Go through the listing below and output exactly the line with "President of Kazakhsatn, Kassym-Jomart", the line with "颜桔儿童玩具男女小孩周岁礼物", and each line between; omit the rest.

─── Data provided ───

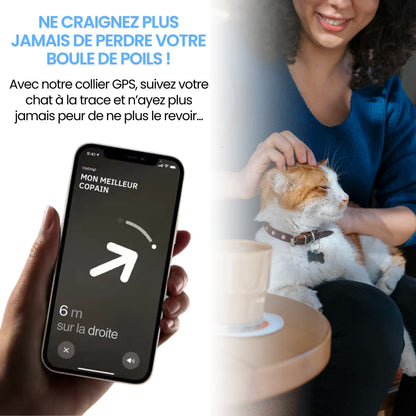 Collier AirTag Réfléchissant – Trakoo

───
─── Data provided ───

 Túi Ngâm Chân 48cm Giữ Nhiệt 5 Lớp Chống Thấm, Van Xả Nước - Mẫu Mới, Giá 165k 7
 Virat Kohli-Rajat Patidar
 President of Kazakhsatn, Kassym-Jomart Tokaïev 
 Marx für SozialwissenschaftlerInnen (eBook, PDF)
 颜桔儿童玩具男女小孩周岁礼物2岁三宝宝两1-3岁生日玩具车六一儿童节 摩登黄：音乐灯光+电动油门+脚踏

───

Response to the exercise
 President of Kazakhsatn, Kassym-Jomart Tokaïev 
 Marx für SozialwissenschaftlerInnen (eBook, PDF)
 颜桔儿童玩具男女小孩周岁礼物2岁三宝宝两1-3岁生日玩具车六一儿童节 摩登黄：音乐灯光+电动油门+脚踏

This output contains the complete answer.